Start of Block
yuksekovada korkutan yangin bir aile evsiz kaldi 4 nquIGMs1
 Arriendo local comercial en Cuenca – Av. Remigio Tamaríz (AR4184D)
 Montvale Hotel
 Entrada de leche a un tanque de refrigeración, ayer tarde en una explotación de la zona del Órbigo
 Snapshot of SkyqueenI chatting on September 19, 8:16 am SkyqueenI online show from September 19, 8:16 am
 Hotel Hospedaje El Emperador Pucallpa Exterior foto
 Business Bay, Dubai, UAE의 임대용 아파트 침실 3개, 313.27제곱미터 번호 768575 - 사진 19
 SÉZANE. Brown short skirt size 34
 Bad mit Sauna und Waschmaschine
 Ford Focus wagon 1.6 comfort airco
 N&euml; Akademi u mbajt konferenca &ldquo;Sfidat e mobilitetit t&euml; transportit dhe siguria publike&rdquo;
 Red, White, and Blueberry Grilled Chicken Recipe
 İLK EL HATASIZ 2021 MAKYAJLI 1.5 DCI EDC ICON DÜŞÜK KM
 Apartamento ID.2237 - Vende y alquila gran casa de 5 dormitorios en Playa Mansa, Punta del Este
End of Block
* [What you need to do] Could you set down exactly the lines above, from the one containing "Red, White, and" through the last, including both and nothing else?

* [Response to this task]
 Red, White, and Blueberry Grilled Chicken Recipe
 İLK EL HATASIZ 2021 MAKYAJLI 1.5 DCI EDC ICON DÜŞÜK KM
 Apartamento ID.2237 - Vende y alquila gran casa de 5 dormitorios en Playa Mansa, Punta del Este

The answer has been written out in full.